We accepted two types of controllers: artificial neural network controllers of arbitrary weight and topology, and hash tables approximating the behavior function. The NERO module of OpenNERO by default provides two methods of training these controller types, namely rtNEAT for the networks and a time-difference reinforcement learning method, Q-learning, for the tables. The competitors have the ability to extend and/or modify these training methods as well as create their own training environments and regimens. It is this training that determines how fit the team will be when pitted against other teams submitted to the tournament.

There were 156 teams submitted to the OpenNERO tournament. Of these, 150 contained neural networks and 11 contained RL controller tables (mixed teams were allowed). Each team could be made up from anywhere between 1 and 50 individual controllers, with any number of repeats. If the number of controllers in the team file was smaller than the number of agents fielded for the match (50), controllers were repeatedly cloned from the available controller list in a round-robin fashion.

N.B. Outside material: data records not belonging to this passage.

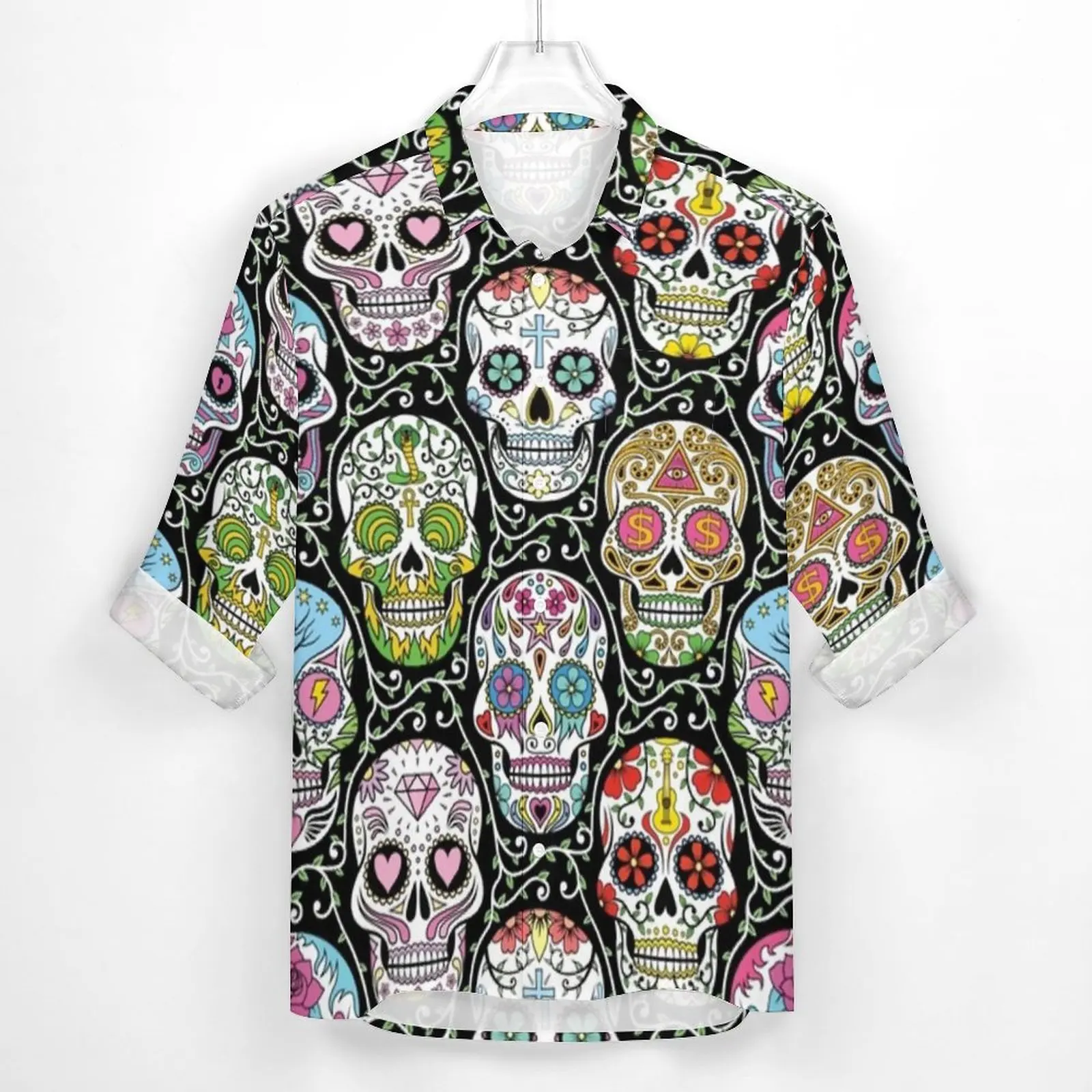 Colorful Skeleton Shirt Mexican Sugar Skull Casual Shirts Long Sleeve Custom Funny Blouses Spring Fashion Oversize Clothing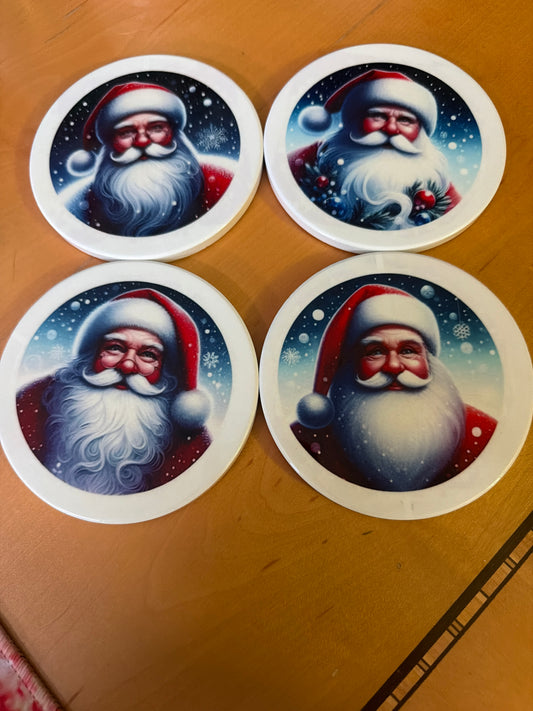 Stained glass, Santa Claus, ceramic coasters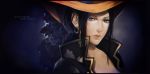  black_hair blue_eyes character_name earrings felice hat jewelry lips long_hair nico_robin one_piece one_piece_film_z realistic solo title_drop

Because of the large number of teams, each game is played off-screen and limited to 5 minutes of game time. The team with the highest number of remaining hit points is declared winner at the end of the 5-minute match. Ties are rare, and are broken by a pseudo-random coin toss. The match-making script allows matches to be run in parallel on a single machine or to be distributed to a Condor compute cluster.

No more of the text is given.